The problem Google faces now is that it has admitted that Gmail users should assume no right to privacy regarding their messages. This view arrives amidst an escalating scandal revolving around tech companies like Google and Microsoft, government surveillance, and consumer rights. While there has always been speculation that Big Brother is watching everyone both offline and online, former intelligence contractor Edward Snowden's disclosure of government documents and recorded phone calls opened the door to a whole new level of secret government surveillance.
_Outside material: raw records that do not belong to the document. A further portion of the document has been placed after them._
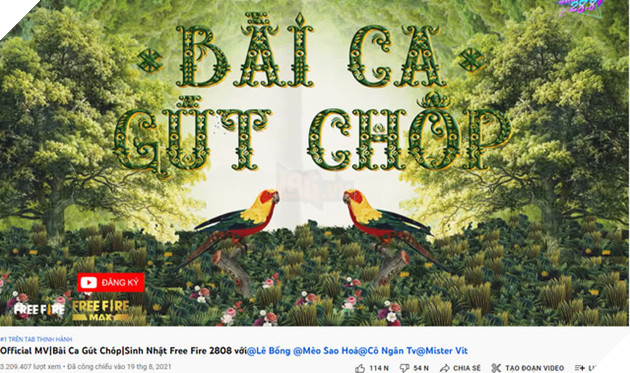 Bị chỉ trích quá nhiều nhưng vì sao Bài Ca Gút Chóp vẫn chễm chệ top 1 trending của Youtube?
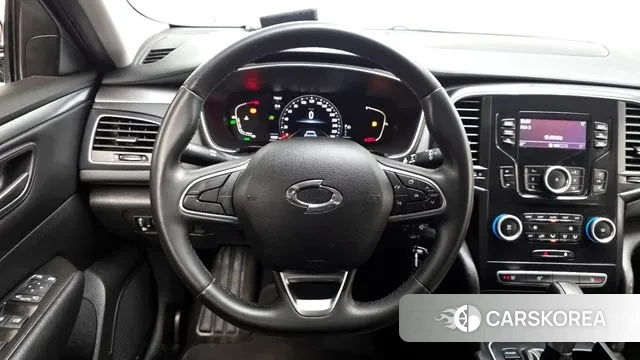 Renault Korea (Samsung) The New SM6 2020 Черный из Кореи, фото 4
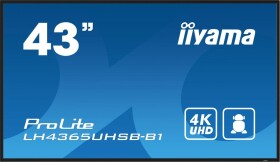 Iiyama LH4365UHSB-B1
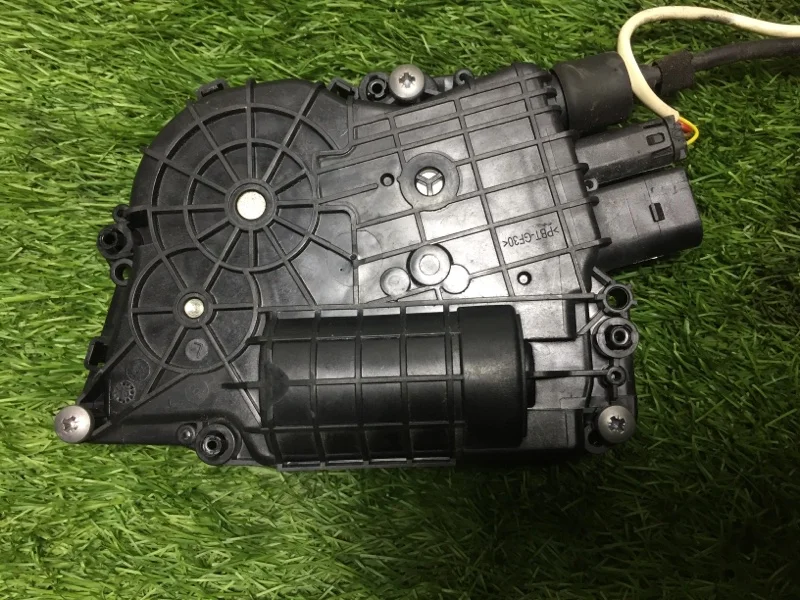 Замок двери задний правый BMW 5 F10/F11 N47D20C - миниатюра 4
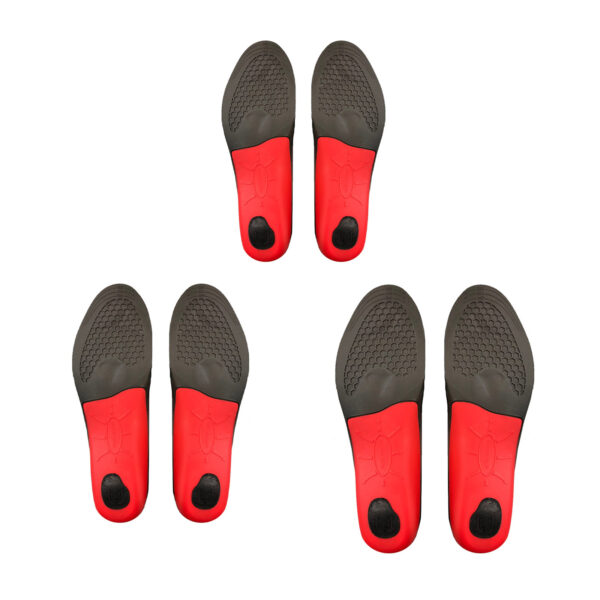 Fanno-Full Insoles Shoe Inserts with Arch Support and Cushioning for All-Day Comfort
"Google has finally admitted they don't respect privacy," stated John M. Simpson, Consumer Watchdog's Privacy Project director. "People should take them at their word; if you care about your email correspondents' privacy don't use Gmail."

Simpson argues that handing Google an email is identical to giving the mailman an envelope to deliver. It's expected to be delivered to the recipient based on the email address, completely unopened and unread. Why would anyone expect their messages to be retrieved and read by Google?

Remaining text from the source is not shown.